Tenía algo especial, pensó Inés. No se parecía a ninguno de los jóvenes que conocía, la mayoría unos bobalicones presuntuosos sin conversación. Y ninguno era tan apuesto como Pedro, a pesar de su pelo revuelto, su camisa raída y sus calzas remendadas.

Además era perspicaz y divertido. ¡Se lo estaba pasando tan bien!

—¿Qué más? Seguid, por favor… —pidió Inés con una sonrisa.

—Sois una mentirosa.

—¿Cómo decís? —preguntó, frunciendo el ceño.

—Mentirosa —susurró rozando de nuevo el pelo de la condesa con su nariz—. Fingís desinterés por mí, pero en el fondo no podéis dejar de escucharme.

Inés se puso de pie de un respingo, se dio la vuelta y desde sus alturas le espetó al joven que permanecía arrodillado:

—¡Insolente! ¡Desvergonzado! ¡Atrevido! ¡Deslenguado!

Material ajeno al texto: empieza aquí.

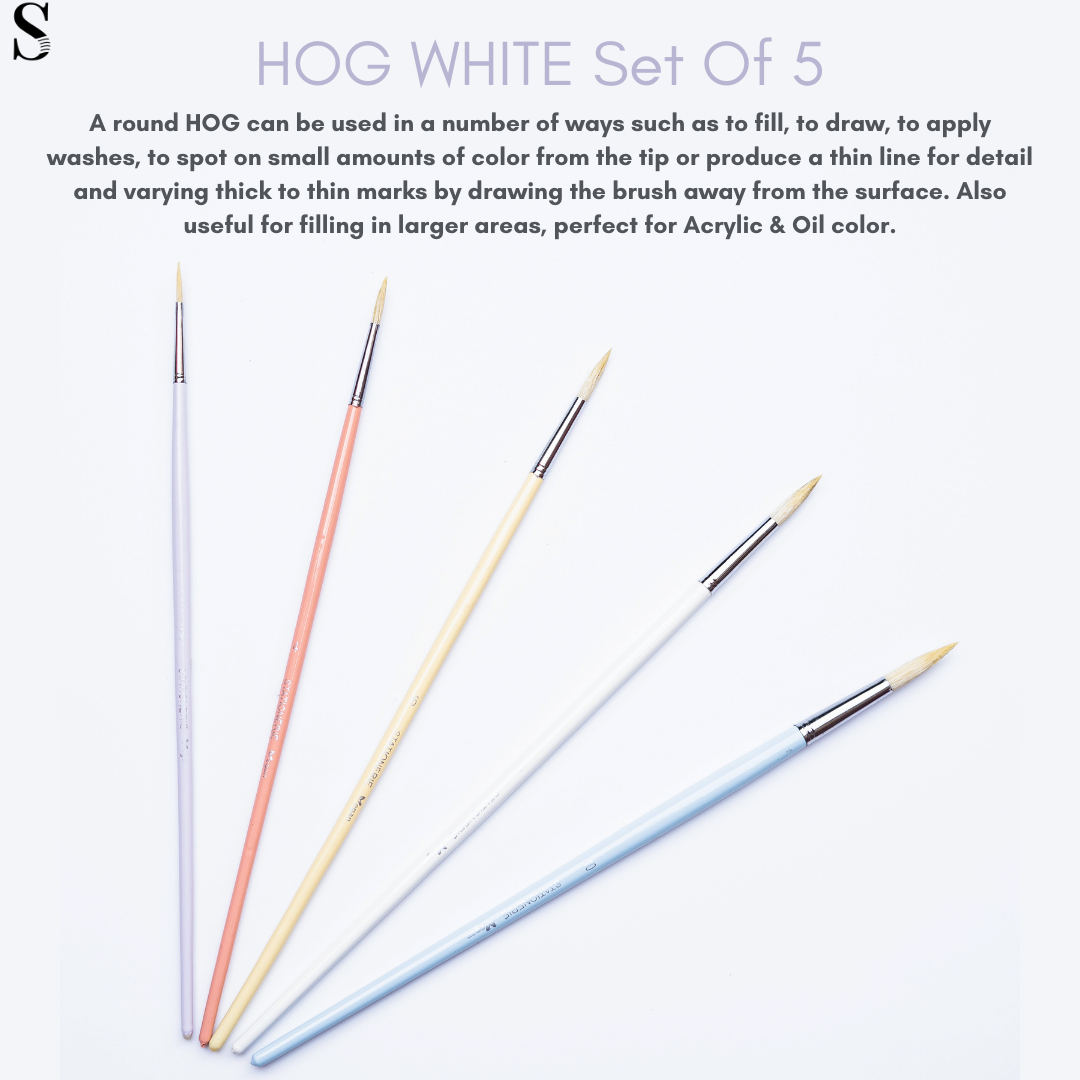 Stationerie Hog Brush Set Of 5 Long Handle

Y así habría seguido si no llega a aparecer la dueña.

—¿Qué decís, niña, de lenguado?

—Hablábamos de cosas del mercado, mi dueña —respondió Inés, reprimiendo como pudo su ira.

—¿Ya habéis acordado cómo vamos a hacer lo de la compra del malotaje?

—Sí, bueno, quedan aún unos flecos —dijo Inés, mordiéndose el labio.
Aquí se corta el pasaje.